As far as we know, Choudary has not plotted to murder and maim innocent civilians; he has not tried to join the Islamic State in Syria, Iraq, or any other provinces under the group’s control, preferring to stay put in godless Britain, under whose generous patronage he lives; and he has not given money to the Islamic State or solicited funds on its behalf. Choudary’s offense, rather, is to have pledged support for the group and encouraged others to do the same.

Choudary and his associate Mohammed Mizanur Rahman were convicted on July 28, but details of the trial, including the verdict, could not be reported until a few days ago, when the Metropolitan Police issued a statement announcing the convictions. According to the statement, Choudary and Rahman were found guilty of inviting support, between June 29, 2014, and March 6, 2015, “for a proscribed terrorist organisation, namely ISIL, also known as ISIS or the Islamic State, contrary to section 12 Terrorism Act 2000.” For this, they face up to 10 years in jail and will be sentenced on Sept. 6 at the Old Bailey.

The case seems to have hinged on the following evidence: On July 2, 2014, Choudary and Rahman met in a restaurant where they convened a Skype meeting with Mohammed Fachry, a convicted terrorist based in Indonesia. During this meeting, both men pledged their allegiance to the Islamic State and its leader, Abu Bakr al-Baghdadi. Fachry, with Choudary’s permission, then published this oath on an Indonesian website. “The oath of allegiance was a turning point for the police,” said Cmdr. Dean Haydon, head of the Metropolitan Police Service Counter Terrorism Command. “At last we had the evidence that they had stepped over the line and we could prove they supported ISIS.”

The police statement also notes that Choudary and Rahman “are believed to have been recruiters and radicalisers for over 20 years and have been closely associated with another proscribed organisation Al Muhajiroun [ALM].” Yet, strikingly, it does not cite or allude to any evidence supporting this claim.

Of course, there is no doubt that Choudary, over many years, disseminated speeches and wrote material that was hateful, especially toward moderate or nominal Muslims, whom he and his fellow activists in al-Muhajiroun regarded as apostates fit for slaughter.
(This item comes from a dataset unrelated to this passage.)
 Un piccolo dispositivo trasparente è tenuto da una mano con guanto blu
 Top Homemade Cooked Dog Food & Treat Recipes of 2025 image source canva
It is also clear, based on the police statement, that Choudary personally supports the Islamic State and tried to persuade others to follow him in such beliefs. But we have no evidence that Choudary went any further than that — say, by facilitating the journeys of men and women to Islamic State territory.

And despite his associations with convicted terrorists, like Michael Adebolajo, and Islamic State members, like Siddartha Dhar, we have no firm evidence that Choudary was the driving force behind their radicalization, or anyone else’s for that matter. Indeed, it is not even clear that such evidence could ever be available, given the impossibility of counterfactually demonstrating that the men supposedly radicalized by Choudary would not have undergone this transformative process had they not met him. Yet none of this has prevented the British media, which loves to hate Choudary, from portraying him as the Keyser Söze of the British Islamist scene, radicalizing hundreds of men, as though these poor souls had no agency in their own life stories but were “brainwashed” by Choudary’s awesome demagogic powers.

Choudary, as the British journalist Andrew Anthony observed in his illuminating profile of the cleric, no doubt has a certain charm and charisma. But it stretches credulity to believe that this man’s sermonizing made anyone do anything they didn’t already want to do, still less that they would risk everything because he told them to. It also dangerously mischaracterizes radicalization as a one-dimensional, low-budget, made-for-British-TV psychological drama of “shadowy,” “charismatic” recruiters manipulating “naïve” and “vulnerable” malcontents. Whereas the little we know about radicalization suggests the opposite: a convoluted and unscripted process where real people with limited knowledge, resources, and power collide and make extraordinary decisions.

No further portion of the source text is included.